In the listing below, find the line with "学龄前儿童女孩用彩色铅笔绘画" and the line with "Funcionarios de Turquía, la", then return them and every line between them exactly, minus the pictures.

=== RECORDS FOR THE TASK ===

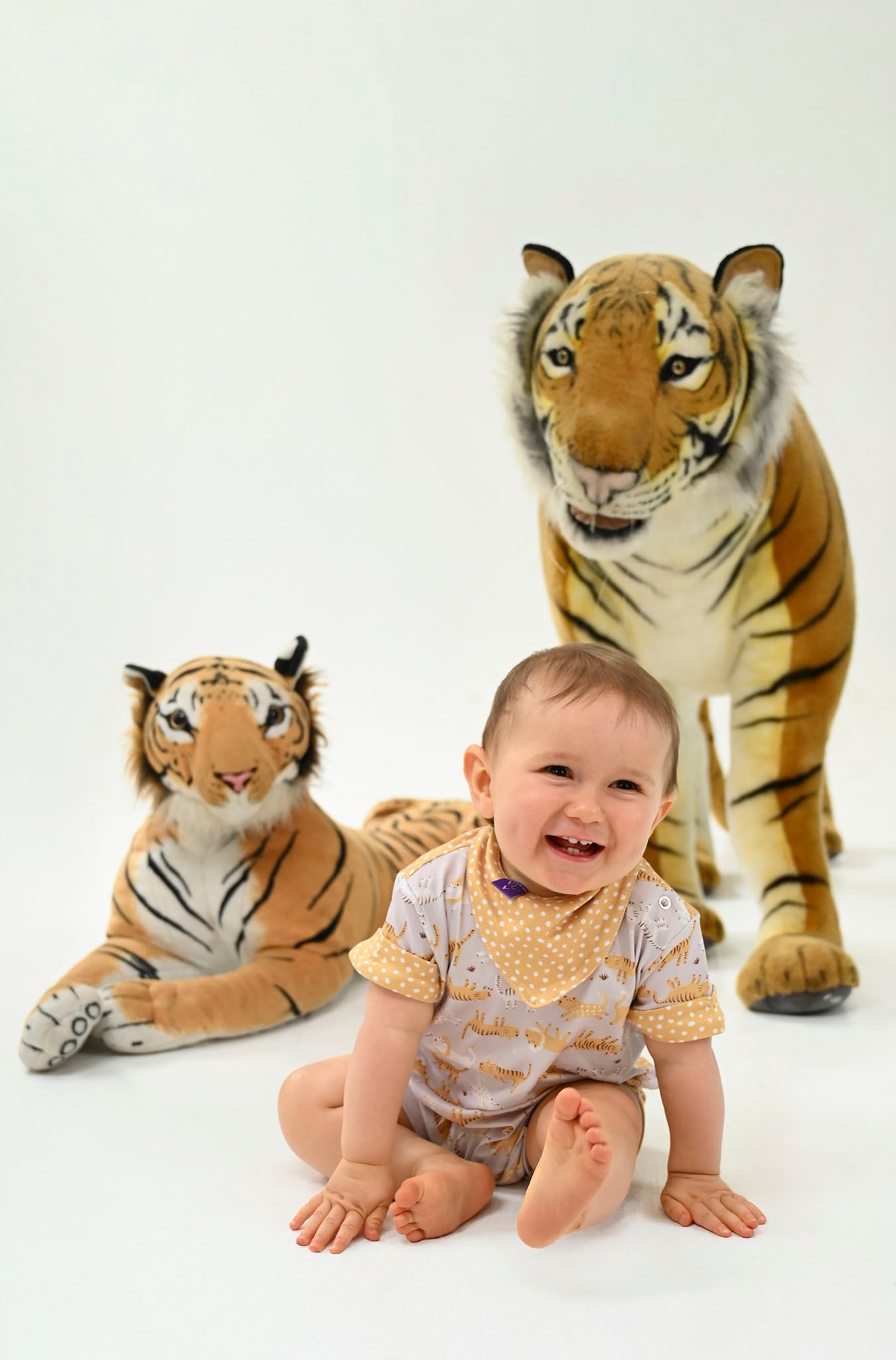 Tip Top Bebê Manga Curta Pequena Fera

===
=== RECORDS FOR THE TASK ===

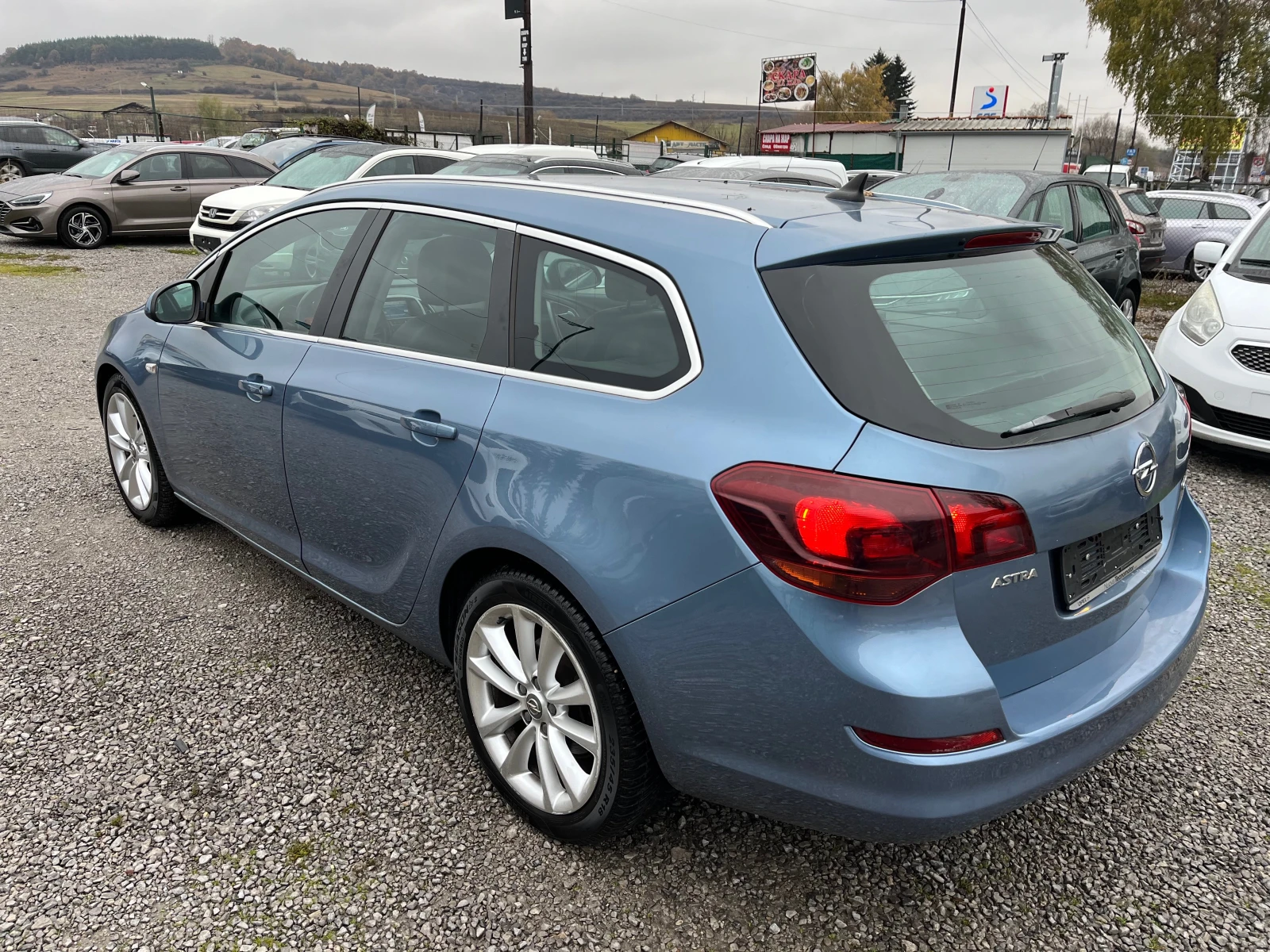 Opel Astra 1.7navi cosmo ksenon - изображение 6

===
=== RECORDS FOR THE TASK ===

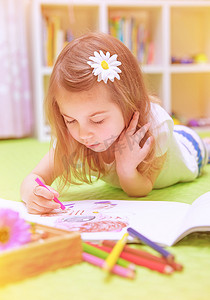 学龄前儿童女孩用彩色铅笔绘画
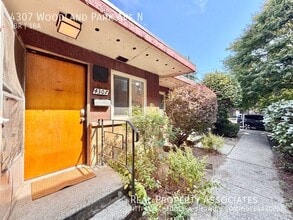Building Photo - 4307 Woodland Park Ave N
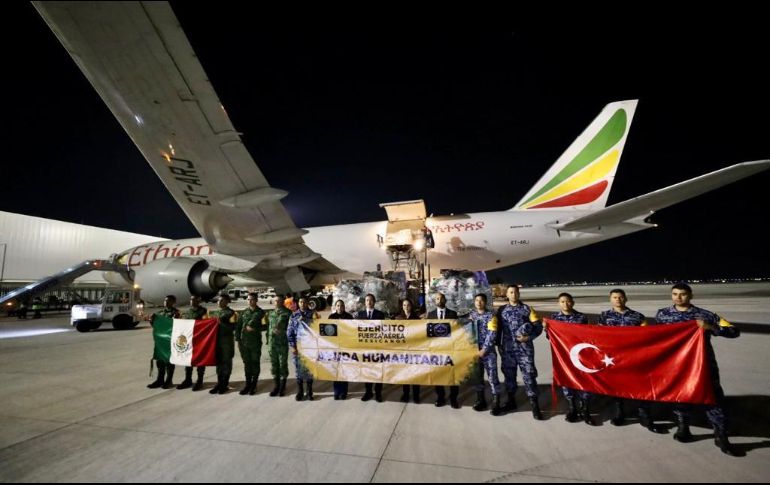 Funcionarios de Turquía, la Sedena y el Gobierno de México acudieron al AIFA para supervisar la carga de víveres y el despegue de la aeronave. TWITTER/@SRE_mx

===

» SOLUTION TO THIS PROBLEM
 学龄前儿童女孩用彩色铅笔绘画
Building Photo - 4307 Woodland Park Ave N
 Funcionarios de Turquía, la Sedena y el Gobierno de México acudieron al AIFA para supervisar la carga de víveres y el despegue de la aeronave. TWITTER/@SRE_mx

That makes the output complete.